Child Employment

Legal references on this page apply to England.

Children in Employment

Introduction

Many local authorities have additional byelaws regulating the work of children. If you/your children are considering working, it is recommended that you contact your local authority who will be able to give you advice relevant to your area. The EC Directive on Protection of Young People at Work" (94/33/EC) states that in general children may not be employed until they are aged at least 15. This is reduced to 14 for light work and there are further notable exceptions "for the purposes of performance in cultural, artistic, sports or advertising activities". See https://www.gov.uk/child-employment/restrictions-on-child-employment. In some LAs the same person or department deals with employment licences as with elective home education.

What counts as Employment? Unpaid Work In Charity Shop/Unpaid Work At Youth Club?
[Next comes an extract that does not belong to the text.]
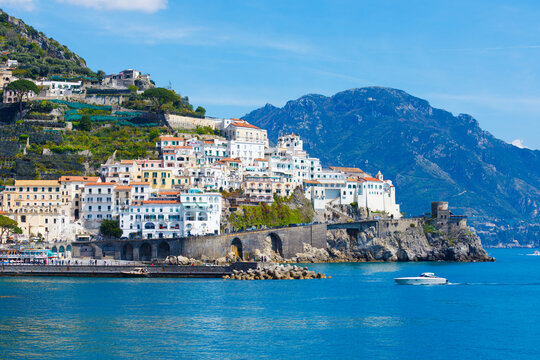 Picturesque view of Amalfi, Italy, with charming buildings perched on cliffside, overlooking blue waters of Mediterranean Sea. Amalfi coast is most popular travel and holiday destination in Europe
As well as employment in its normal meaning, the Children and Young Persons Act 1933 states that a person who assists in a trade or occupation carried on for profit is considered as employed even though he or she may receive no payment. So the rules in the Children and Young Persons Act will apply where, for example, children help their parents in a shop without receiving any payment.

What is "light work"?

A child under the school leaving age may only be employed to do 'light work'. This is: "work which on account of the inherent nature of the tasks which it involves and the particular conditions under which they are performed is not likely to be harmful to the health, safety or development of children and is not such as to be harmful to their attendance at school or to their participation in work experience, or their capacity to benefit from the instruction received or the experience gained". In most areas, "light work" is understood to mean agricultural or horticultural work, delivery of newspapers etc, shop work, hairdressing salons, in a cafe or restaurant, in riding stables and domestic work in hotels. Local bye-laws should always be checked for variations, as should the list of prohibited occupations.

Children's Work Permits

The model byelaws require permits for employment of children under the school leaving age and many authorities have made byelaws which follow the model, so again employers need to check with the local authority where the employment is to take place whether there is a permit system in their byelaws.